6. Controlling processors and threads

Once a compset and resolution for a case has been defined, CIME provides ways to define the processor layout the case will use.

CIME cases have significant flexibility with respect to the layout of components across different hardware processors. There are up to eight unique models (atm, lnd, rof, ocn, ice, glc, wav, cpl) that are managed independently by the CIME driver, each with a unique MPI communicator. In addition, the driver runs on the union of all processors and controls the sequencing and hardware partitioning.

6.1. pe-settings for a case

CIME looks at the xml element PES_SPEC_FILE in the $CIMEROOT/config/$model/config_files.xml file to determine where to find the supported out-of-the-box model pe-settings for the primary component (See Compsets for definition of primary component.)

When your run create_newcase, CIME identifies the primary component and the setting of the PES_SPEC_FILE in the standard output.

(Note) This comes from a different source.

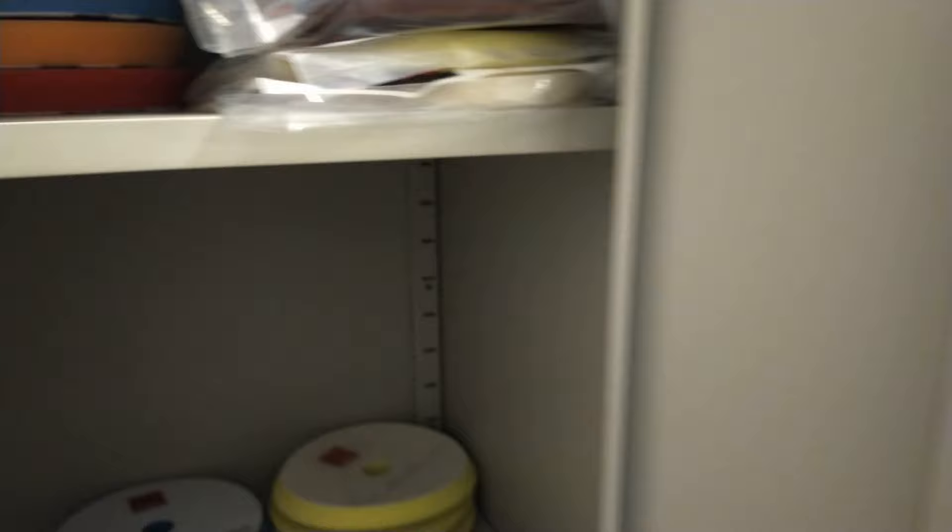Just what's left of my once massive collection of pads. There you go guys.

By default, each primary component has a config_pes.xml file in its cime_config directory. That file specifies out-of-the-box pe-layout for compsets that the primary component defines. Currently, the pe-layout can have dependencies on the compset, the model grid and the target machine. Finally, there might be more than one out-of-the-box pe-layout that could be used for a compset/grid/machine combination: one for a low processor setting and one for a high processor setting.

A typical entry in a config_pes.xml looks like this:

<grid name="a%T62">
  <mach name="cheyenne">
    <pes pesize="any" compset="DATM%IAF">
    .......
    </pes>
  </mach>
</grid>

Currently, the pesize can have values of [any,S,M,L,X1,X2].

Given the various dependencies, CIME uses an order of precedence to determine the optimal match. This order is as follows:

grid match

CIME first searches the grid nodes for a grid match in config_grids.xml.

The search is based on a regular expression match for the grid longname.

All grid matches are then used in the subsequent search.

If there is no grid match, all nodes that have <grid name="any"> are used in the subsequent search.
machine match

CIME next uses the list of nodes obtained in the grid match to search for the machine name using the <mach> nodes.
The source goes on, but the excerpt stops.